Il bilancio dei feriti è di 23 persone, secondo quanto riferito dal leader sindacale Sun Vanny, tra cui una donna incinta che a causa delle percosse subite ha sofferto un aborto spontaneo. L’inizio delle proteste risale al 21 maggio, quando tremila operai, in maggioranza donne, hanno bloccato la strada che conduce allo stabilimento di Kampong Seu in cui lavoravano, ad ovest della capitale Phnom Penh. Motivo della protesta? Ottenere un aumento della paga, attualmente pari a 74 dollari al mese (retribuzione minima in Cambogia), di 14 dollari in più al mese per poter far fronte alle spese di trasporto e alloggio.

La Cambogia negli ultimi dieci anni, per via delle basse retribuzioni degli operai, è diventata una delle località preferite dai grandi marchi dell’abbigliamento e dello sport che hanno delocalizzato qui gran parte della loro produzione di capi di abbigliamento. Nell’ultimo anno, però, le proteste si sono moltiplicate tra i lavoratori impiegati nel settore che hanno dato vita ad una lunga ondata di scioperi per ottenere maggiori diritti. Una prima, seppur debole, vittoria è arrivata con l’aumento della retribuzione minima da 61 a 74 dollari al mese, una cifra ancora troppo esigua per dare dignità al lavoro di centinaia di migliaia di lavoratori.

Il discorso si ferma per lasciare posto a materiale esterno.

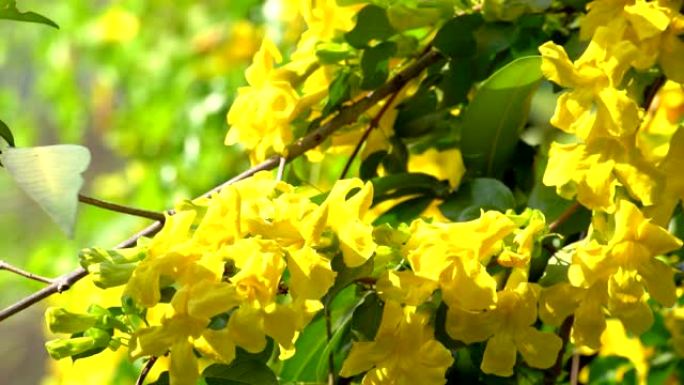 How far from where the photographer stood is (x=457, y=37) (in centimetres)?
65

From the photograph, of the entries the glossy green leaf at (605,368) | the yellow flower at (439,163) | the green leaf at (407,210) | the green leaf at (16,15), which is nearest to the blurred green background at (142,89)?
the yellow flower at (439,163)

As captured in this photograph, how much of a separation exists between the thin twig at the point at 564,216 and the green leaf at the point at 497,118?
0.24 feet

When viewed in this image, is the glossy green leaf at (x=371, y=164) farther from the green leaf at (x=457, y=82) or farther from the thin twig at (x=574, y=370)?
the thin twig at (x=574, y=370)

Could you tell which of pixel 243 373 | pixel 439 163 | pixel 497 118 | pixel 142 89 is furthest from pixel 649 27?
pixel 142 89

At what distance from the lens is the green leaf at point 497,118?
2.07ft

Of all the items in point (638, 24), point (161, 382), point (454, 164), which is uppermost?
point (638, 24)

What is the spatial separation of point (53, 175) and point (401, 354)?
6.8 inches

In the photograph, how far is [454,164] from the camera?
854mm

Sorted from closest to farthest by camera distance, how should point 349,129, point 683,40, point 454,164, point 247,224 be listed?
point 247,224, point 683,40, point 349,129, point 454,164

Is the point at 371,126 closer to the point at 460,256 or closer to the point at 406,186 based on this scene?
the point at 406,186

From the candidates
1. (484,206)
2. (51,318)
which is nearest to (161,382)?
(51,318)

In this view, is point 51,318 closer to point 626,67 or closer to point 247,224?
point 247,224

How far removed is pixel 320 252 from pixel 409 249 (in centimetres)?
4

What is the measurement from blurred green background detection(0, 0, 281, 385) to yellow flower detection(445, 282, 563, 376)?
34.0 inches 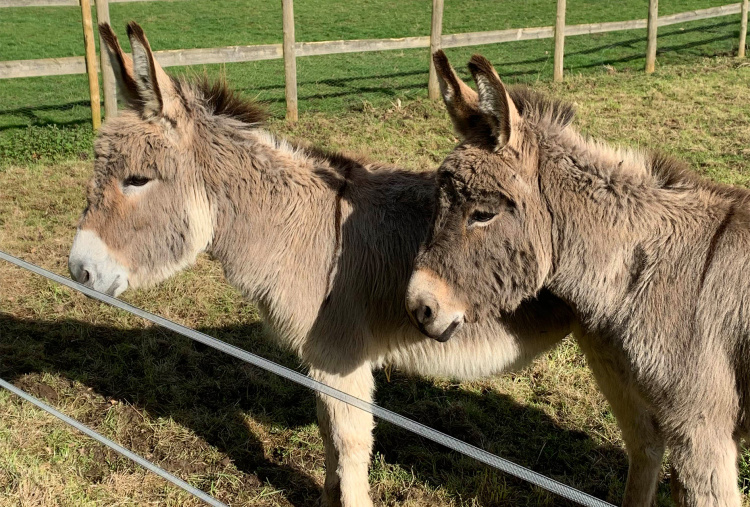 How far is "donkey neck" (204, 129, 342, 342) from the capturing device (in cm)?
325

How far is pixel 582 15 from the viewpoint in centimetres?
2078

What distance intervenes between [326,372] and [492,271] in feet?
3.46

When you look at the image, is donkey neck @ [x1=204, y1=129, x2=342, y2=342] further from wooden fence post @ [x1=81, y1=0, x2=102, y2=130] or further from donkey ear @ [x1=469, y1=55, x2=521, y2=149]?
wooden fence post @ [x1=81, y1=0, x2=102, y2=130]

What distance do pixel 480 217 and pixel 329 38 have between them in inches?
681

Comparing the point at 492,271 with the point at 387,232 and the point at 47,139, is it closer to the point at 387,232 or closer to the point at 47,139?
the point at 387,232

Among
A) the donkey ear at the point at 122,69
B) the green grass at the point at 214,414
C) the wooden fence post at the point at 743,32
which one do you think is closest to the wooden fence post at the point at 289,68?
the green grass at the point at 214,414

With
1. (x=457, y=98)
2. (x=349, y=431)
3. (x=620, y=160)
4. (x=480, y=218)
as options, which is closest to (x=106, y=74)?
(x=349, y=431)

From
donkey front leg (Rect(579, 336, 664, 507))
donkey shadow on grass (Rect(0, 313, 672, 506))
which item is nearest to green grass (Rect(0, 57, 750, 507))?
donkey shadow on grass (Rect(0, 313, 672, 506))

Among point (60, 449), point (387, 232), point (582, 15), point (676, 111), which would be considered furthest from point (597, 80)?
point (60, 449)

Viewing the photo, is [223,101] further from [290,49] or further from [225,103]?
[290,49]

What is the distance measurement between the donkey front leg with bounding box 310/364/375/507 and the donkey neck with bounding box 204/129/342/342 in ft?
1.16

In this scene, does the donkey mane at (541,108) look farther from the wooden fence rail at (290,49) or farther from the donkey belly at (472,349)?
the wooden fence rail at (290,49)

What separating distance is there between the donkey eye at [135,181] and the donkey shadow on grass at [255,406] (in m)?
1.85

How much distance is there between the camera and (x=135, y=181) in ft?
10.1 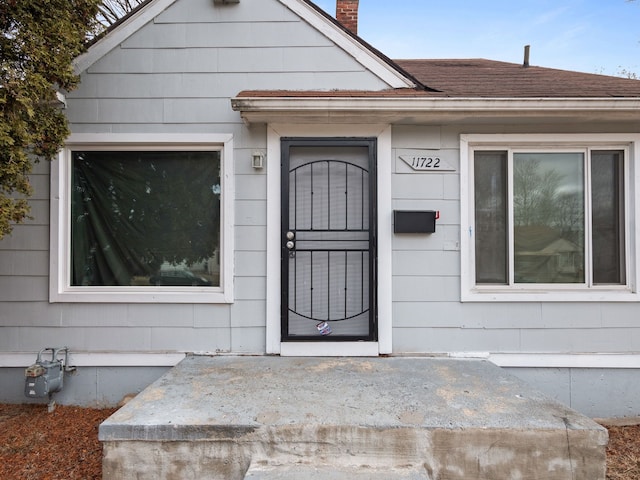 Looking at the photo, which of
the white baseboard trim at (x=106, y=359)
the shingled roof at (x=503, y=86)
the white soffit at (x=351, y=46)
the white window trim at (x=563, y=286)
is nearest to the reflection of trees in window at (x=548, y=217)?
the white window trim at (x=563, y=286)

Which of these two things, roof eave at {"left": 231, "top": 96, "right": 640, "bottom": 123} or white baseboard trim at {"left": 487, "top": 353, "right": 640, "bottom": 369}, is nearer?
roof eave at {"left": 231, "top": 96, "right": 640, "bottom": 123}

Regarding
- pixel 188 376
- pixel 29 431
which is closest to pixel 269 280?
pixel 188 376

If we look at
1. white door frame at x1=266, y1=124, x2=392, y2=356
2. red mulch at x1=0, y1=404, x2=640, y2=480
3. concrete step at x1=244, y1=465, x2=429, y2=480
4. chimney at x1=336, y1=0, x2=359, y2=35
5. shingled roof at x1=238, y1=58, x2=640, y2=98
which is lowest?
red mulch at x1=0, y1=404, x2=640, y2=480

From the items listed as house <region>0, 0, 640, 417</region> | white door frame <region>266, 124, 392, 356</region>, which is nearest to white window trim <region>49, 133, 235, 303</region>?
house <region>0, 0, 640, 417</region>

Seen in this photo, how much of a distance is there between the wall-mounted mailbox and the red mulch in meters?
2.20

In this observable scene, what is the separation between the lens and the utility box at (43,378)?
10.00ft

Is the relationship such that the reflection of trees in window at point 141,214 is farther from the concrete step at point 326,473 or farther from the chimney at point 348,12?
the chimney at point 348,12

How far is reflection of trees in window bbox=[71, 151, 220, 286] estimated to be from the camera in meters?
3.43

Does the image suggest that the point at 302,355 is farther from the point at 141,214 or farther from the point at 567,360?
the point at 567,360

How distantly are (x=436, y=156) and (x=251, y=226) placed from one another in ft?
6.10

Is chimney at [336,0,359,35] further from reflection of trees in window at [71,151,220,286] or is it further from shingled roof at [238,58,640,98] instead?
reflection of trees in window at [71,151,220,286]

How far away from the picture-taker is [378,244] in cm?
337

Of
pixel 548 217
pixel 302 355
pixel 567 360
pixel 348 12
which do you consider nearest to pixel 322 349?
pixel 302 355

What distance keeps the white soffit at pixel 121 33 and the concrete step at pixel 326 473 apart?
3726mm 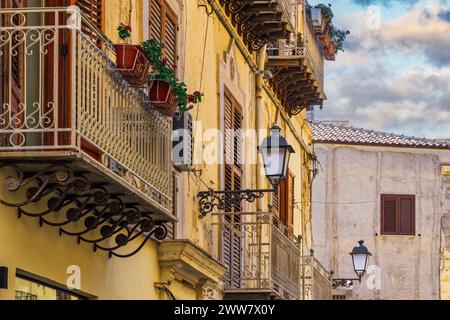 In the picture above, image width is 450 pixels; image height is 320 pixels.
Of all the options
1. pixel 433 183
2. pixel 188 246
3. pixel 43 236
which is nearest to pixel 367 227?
pixel 433 183

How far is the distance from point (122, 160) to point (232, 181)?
28.9 ft

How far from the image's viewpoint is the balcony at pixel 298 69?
84.3 ft

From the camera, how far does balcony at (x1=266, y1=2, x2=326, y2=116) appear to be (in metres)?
25.7

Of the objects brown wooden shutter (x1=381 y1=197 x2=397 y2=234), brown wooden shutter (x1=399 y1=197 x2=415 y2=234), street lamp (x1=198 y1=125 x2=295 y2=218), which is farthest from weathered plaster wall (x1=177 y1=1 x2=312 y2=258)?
brown wooden shutter (x1=399 y1=197 x2=415 y2=234)

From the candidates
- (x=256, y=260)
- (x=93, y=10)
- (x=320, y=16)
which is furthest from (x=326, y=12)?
(x=93, y=10)

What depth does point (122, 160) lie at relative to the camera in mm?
12039

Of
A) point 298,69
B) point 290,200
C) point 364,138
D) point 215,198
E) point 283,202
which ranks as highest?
point 364,138

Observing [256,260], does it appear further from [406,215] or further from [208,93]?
[406,215]

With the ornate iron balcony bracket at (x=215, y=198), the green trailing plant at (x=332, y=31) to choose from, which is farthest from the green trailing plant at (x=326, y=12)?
the ornate iron balcony bracket at (x=215, y=198)

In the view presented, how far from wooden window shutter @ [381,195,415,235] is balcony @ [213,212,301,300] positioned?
18.8 m

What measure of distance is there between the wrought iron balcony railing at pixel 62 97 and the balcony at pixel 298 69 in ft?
42.2

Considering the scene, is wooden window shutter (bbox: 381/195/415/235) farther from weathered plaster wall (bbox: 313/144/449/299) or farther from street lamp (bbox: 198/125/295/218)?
street lamp (bbox: 198/125/295/218) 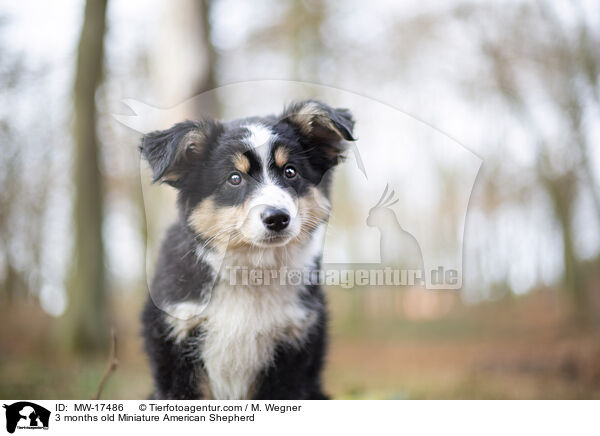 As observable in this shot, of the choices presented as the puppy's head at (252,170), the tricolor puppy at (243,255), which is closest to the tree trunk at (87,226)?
the tricolor puppy at (243,255)

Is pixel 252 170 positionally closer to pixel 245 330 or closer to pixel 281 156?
pixel 281 156

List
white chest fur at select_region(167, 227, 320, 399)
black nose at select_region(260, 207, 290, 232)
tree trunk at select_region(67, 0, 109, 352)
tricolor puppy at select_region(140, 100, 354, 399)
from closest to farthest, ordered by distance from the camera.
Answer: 1. black nose at select_region(260, 207, 290, 232)
2. tricolor puppy at select_region(140, 100, 354, 399)
3. white chest fur at select_region(167, 227, 320, 399)
4. tree trunk at select_region(67, 0, 109, 352)

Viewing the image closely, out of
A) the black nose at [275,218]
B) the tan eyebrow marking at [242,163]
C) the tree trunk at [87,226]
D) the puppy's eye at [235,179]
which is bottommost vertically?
the black nose at [275,218]

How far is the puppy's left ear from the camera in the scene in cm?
202

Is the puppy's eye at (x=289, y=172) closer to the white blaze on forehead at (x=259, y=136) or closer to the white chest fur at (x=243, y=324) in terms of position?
the white blaze on forehead at (x=259, y=136)

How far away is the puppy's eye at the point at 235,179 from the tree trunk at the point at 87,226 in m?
3.35

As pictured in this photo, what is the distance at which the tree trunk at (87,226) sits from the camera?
4871 mm

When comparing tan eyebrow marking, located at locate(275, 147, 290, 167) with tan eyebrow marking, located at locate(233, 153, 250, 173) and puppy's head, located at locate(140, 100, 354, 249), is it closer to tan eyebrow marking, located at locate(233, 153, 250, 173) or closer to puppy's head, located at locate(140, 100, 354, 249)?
puppy's head, located at locate(140, 100, 354, 249)

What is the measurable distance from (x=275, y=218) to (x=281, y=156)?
28cm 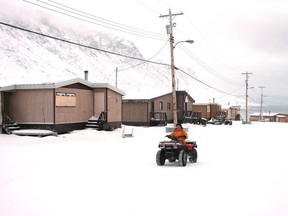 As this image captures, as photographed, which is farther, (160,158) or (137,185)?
(160,158)

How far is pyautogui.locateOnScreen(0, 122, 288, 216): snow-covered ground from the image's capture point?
22.3 ft

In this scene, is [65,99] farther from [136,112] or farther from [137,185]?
[137,185]

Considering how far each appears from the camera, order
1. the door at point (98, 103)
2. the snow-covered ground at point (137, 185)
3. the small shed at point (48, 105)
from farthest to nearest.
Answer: the door at point (98, 103) → the small shed at point (48, 105) → the snow-covered ground at point (137, 185)

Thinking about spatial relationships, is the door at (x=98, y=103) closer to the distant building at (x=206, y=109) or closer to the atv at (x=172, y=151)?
the atv at (x=172, y=151)

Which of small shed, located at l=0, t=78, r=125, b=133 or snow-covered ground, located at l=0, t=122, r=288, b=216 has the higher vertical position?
small shed, located at l=0, t=78, r=125, b=133

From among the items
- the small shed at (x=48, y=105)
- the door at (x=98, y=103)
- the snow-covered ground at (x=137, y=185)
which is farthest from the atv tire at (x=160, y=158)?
the door at (x=98, y=103)

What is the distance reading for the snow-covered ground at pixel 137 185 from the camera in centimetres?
681

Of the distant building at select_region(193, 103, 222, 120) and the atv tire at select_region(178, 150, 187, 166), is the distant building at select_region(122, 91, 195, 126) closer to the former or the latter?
the distant building at select_region(193, 103, 222, 120)

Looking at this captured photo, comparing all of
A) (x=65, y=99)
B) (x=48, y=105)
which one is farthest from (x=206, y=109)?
(x=48, y=105)

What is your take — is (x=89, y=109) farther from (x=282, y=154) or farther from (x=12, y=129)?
(x=282, y=154)

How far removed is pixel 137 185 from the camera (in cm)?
880

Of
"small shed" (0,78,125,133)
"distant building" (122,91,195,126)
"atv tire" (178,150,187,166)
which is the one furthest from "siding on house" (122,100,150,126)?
"atv tire" (178,150,187,166)

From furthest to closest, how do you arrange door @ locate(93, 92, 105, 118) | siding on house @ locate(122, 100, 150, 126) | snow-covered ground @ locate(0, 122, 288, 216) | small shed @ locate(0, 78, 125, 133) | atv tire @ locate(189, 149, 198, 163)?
→ 1. siding on house @ locate(122, 100, 150, 126)
2. door @ locate(93, 92, 105, 118)
3. small shed @ locate(0, 78, 125, 133)
4. atv tire @ locate(189, 149, 198, 163)
5. snow-covered ground @ locate(0, 122, 288, 216)

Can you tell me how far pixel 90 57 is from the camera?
196875 millimetres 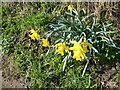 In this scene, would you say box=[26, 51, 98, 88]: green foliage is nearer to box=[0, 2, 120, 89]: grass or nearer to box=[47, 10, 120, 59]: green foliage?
box=[0, 2, 120, 89]: grass

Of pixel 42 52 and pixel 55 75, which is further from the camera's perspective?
pixel 42 52

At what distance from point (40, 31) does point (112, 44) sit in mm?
1067

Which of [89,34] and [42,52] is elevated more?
[89,34]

Nel 2000 la Nike  era stata costretta ad abbandonare la produzione di scarpe e di abbigliamento in Cambogia quando si scoprì che, all’interno degli stabilimenti della multinazionale americana, veniva utilizzata manodopera minorile. In seguito ad un’intensa campagna di boicottaggio e alle diffusione delle immagini registrate da una tv americana che ritraevano centinaia e centinaia di bambine impiegate nelle fabbriche cambogiane, la Nike decise di cancellare tutti i suoi contratti con i fornitori cambogiani. Pochi anni dopo l’azienda era tornata ad investire nel Paese, dopo essersi impegnata ad aprire le proprie fabbriche ai controlli internazionali sui diritti dei lavoratori e a debellare lo sfruttamento dei bambini lavoratori in Cambogia. A distanza di 10 anni l’azienda è di nuovo sotto accusa per le condizioni in cui versano i lavoratori impiegati. La Nike è solo una delle tante multinazionali che appaltano ad aziende tessili asiatiche la realizzazione dei loro capi di abbigliamento, come i recenti e tragici avvenimenti del Bangladesh (di cui vi abbiamo parlato) ci ricordano: solo una settimana fa, lo scorso 16 maggio, due operai sono morti nel crollo di un soppalco in una fabbrica che produceva scarpe Asics.

Nel frattempo in Cambogia le proteste continuano.